I'm sorry to have finished my City Lit drawing course at the National Gallery, I learnt such a lot in 5 weeks. For this last session there was no tour beforehand and a different tutor with a more abstract approach which was refreshing. I got there early to have a look round to choose my
victim painting to draw from. I whittled down my short list - some were much smaller in real life, others had poor light or lacked a good position to draw from. It was very busy with events going on so that also had an impact as did rooms that were very busy ( I don't mind sketching in public but there are limits.....)
Continuing my cloth theme I chose ' Mary Magdalene' by Giovanni Girolamo Savoldo.
The time went so quickly tho' I did go for a coffee break and my ideas about working in a more abstract, simplified way went out of the window as I concentrated on analysing and trying to capture accurately the folds in the fabric. We met in Central Hall to look at each others work rather earlier than in previous weeks - at 8.30 instead of 8.45. This had pro's and con's. On the plus side it was great to have more time to appreciate the varied styles and to see the journey for all of us from our first works. In previous weeks we've been asked to comment only on our own work and experience with a summing up by the tutor ( competing with insistent remarks from the stewards that the gallery was now closed!) This week we were asked to comment on other peoples which we weren't used to - I found positive things to say but not everyone did - one person was unnecessarily harsh, she'd earlier made unwelcome suggestions about how I could 'improve' my drawing.
In general though it was a nice group of people. Being spread through the gallery, concentrating on our own drawings, there wasn't the same interaction as in other classes but I enjoyed chatting with Catherine who was like minded in needing a coffee before each session started and also in admiring the work of Gerhardt Richter.
So what were the 'learning outcomes ' for me?
- a new appreciation of 'traditional' figurative paintings
- increased skills in observation
- a better understanding of composition
- improvement in drawing techniques
- confidence to draw in museums and galleries
- finding time for art, the realisation that I could fit in classes after work, not just at weekends.

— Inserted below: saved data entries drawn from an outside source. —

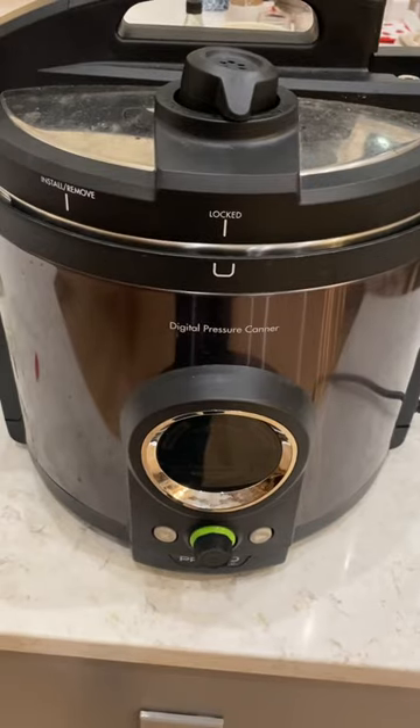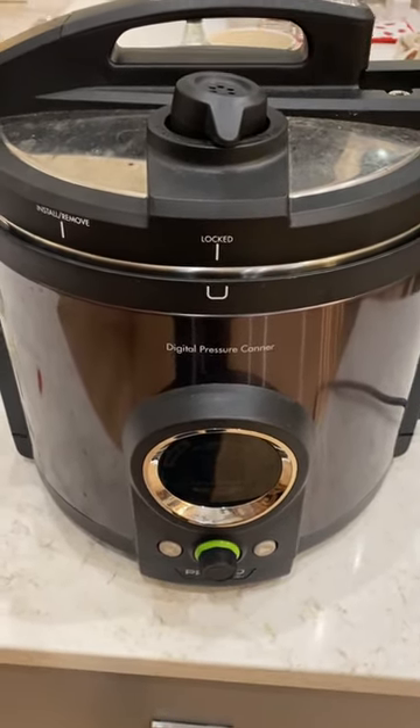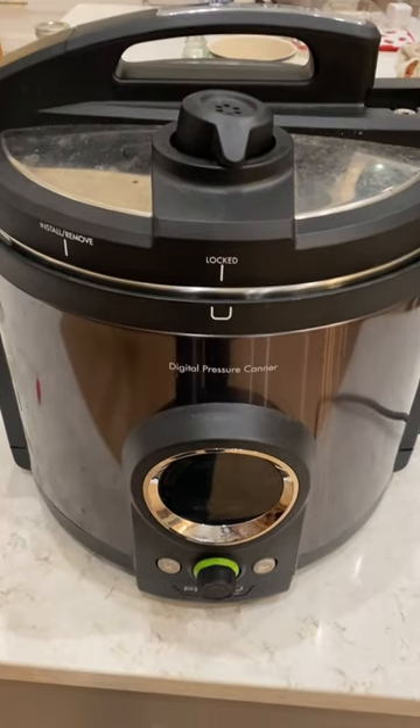Hey guys, I wanted to show you a few things I've been canning with my Presto digital canner. Here's what it looks like. I love this thing. I'm not sponsored, but I love it. And if you're looking to start pressure canning, I definitely recommend it.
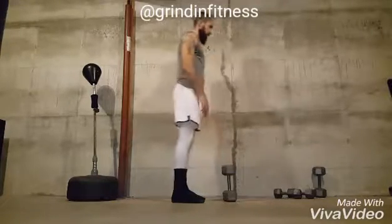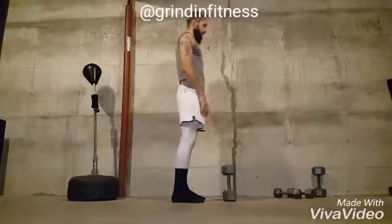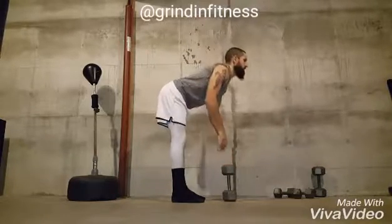Repeat these movements for the recommended number of repetitions. Inhale while you bend forward and exhale as you return to standing.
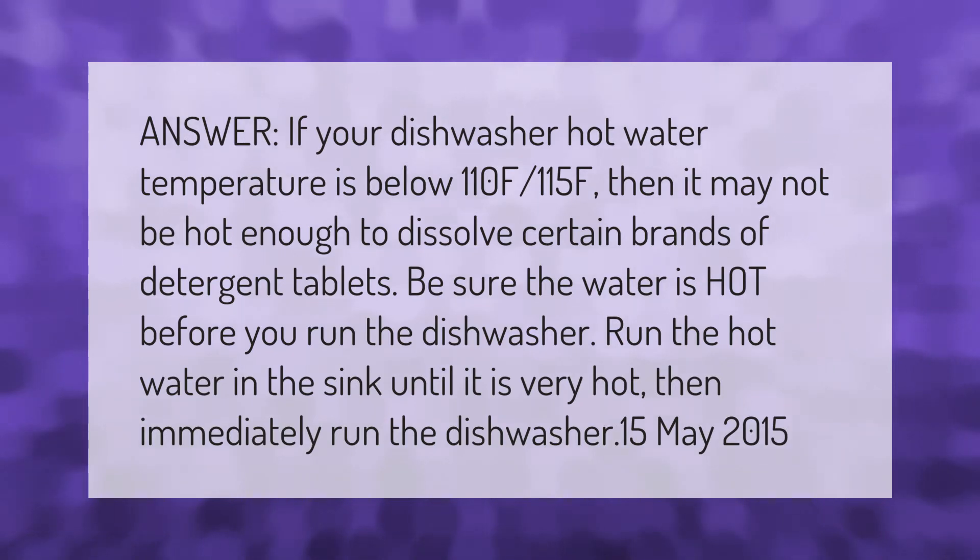Be sure the water is hot before you run the dishwasher. Run the hot water in the sink until it is very hot, then immediately run the dishwasher.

- that sustained drawing is sustaining!!
Most of all I've fallen back in love with pencil! For the last 30+ years my drawing has been rather cursory as I want to get to colour as quickly as possible. Now I want to explore drawing further for it's own sake. I'm investigating life classes for the New Year but in the mean time bought a wooden hand at the National Gallery Shop ( even if it does look like 'Thing' from the Addams Family). The hands were what I noticed most in many paintings and I have ideas to incorporate drawings with the prints I produced in the British Museum lino printing course into my Sketchbook 2013 Project.